You can now browse the shares on your network via My Network Places or Network Neighbourhood, whichever appears on your desktop.
You can share directories with others by right-clicking them and choosing Sharing and Security. Here you can choose the name that network users will see the share under. If you add a $ sign on to the end of the name, users will not see the share under Network Neighbourhood or My Network Places, they will instead have to know the exact network address of the share and type it into Windows Explorer's address bar. As with any normal network share this is done in the format:
\\machinename\sharename
where machinename is the name of the machine that hosts the share and sharename is the path to the share (including the $ sign if you added one to create a hidden share).
To share a printer you need to enter the Printers section of the Control Panel and right-click your printer(s) and choose Properties. Choose the tab named Sharing and click the Shared As option button, either change the Printer share name to something suitable or keep it as it is and click OK. Other people will now be able to print to your printer.
The last part of this network basics round up is not something you need to know to configure basic Windows networking, but forms the basis or every kind of networking and is therefore somehting you should know.
Quite simply this thing about giving your computer a name is not strictly accurate. It is a easily human readable form of real computer addresses. Windows network names are slightly different to network names in the real world like internet addresses, or URLs like www.yahoo.com. These human readable names are translated by an internet service known as DNS (Domain Name Service) into computer readable address names called IP addresses or Internet Protocol addresses. Remember that thing about adding Protocols to get Windows Networking to work? Well one of them was called TCP/IP, which stands for Transmission Control Protocol/Internet Protocol. IP is the main part of a whole suite of protocols, and is concerned with the way the data is formatted for transmission and TCP is concerned with ensuring the data reaches the destination, by finding its way around network outages or retransmitting if the data gets lost.
Ok so you didn't need to know that last bit, but we're on a roll here. The important bit is about addressing. When you want to go to yahoo.com, your web browser already knows the IP address of your ISP's (Internet Service Provider - the people with whom you have your internet connection) DNS server from when you connected to the net and asks it for the IP address of yahoo.com. If your ISP's DNS server doesn't know it will ask another upstream DNS server until it either finds out or accepts that no DNS server knows. In the case of yahoo, the only time it shouldn't be able to find out is when you're not online.

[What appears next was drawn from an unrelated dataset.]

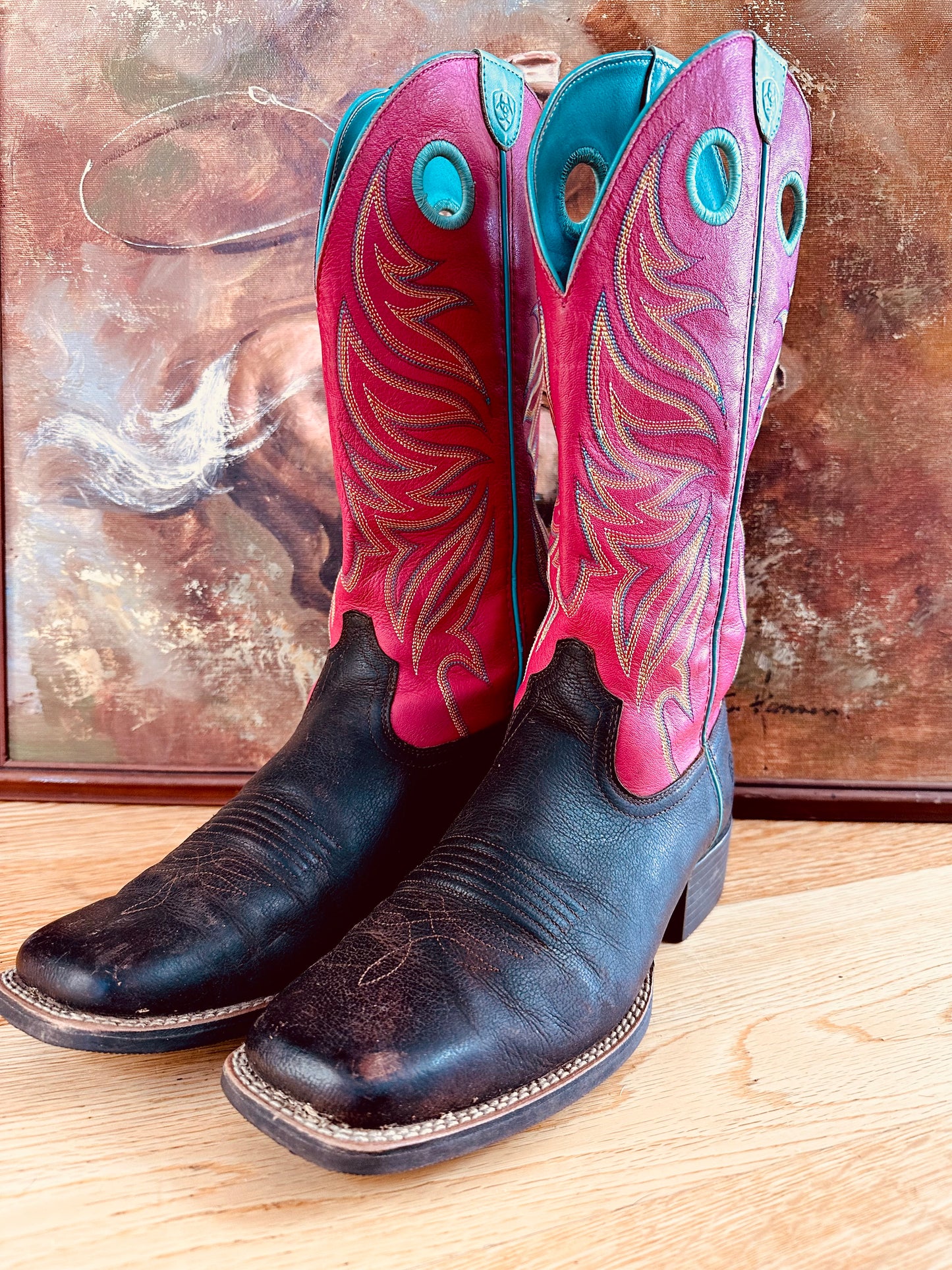 STUNNING ARIAT BOOTS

When your browser knows the IP address of yahoo.com it goes directly to www.yahoo.com by using it's IP address which is the most accurate and direct form of addressing.
So what are these IP addresses? Well admittedly you may have seen them before and not known what they were and they look a bit weird to start off with but thats because they were designed to be read by machines and not humans. They are made up of 4 numbers of up to 3 digits totalling no more than 255 per number each seperated by 3 dots. So starting with 0.0.0.0 you can go as high as 255.255.255.255. The form IP addresses take is known as dotted quads and they do not have a final dot, those presented here with a final dot are presnted as so for accurate punctuation of the English language, meaning that they appear as the last thing in a sentence and therefore must end with a dot. When writing IP address do not terminate them with a fourth dot.
In Windows if you bring up a DOS window or Command Prompt, for Win9x type winipcfg or in WinNT type ipconfig and it will bring up details of your own network configuration.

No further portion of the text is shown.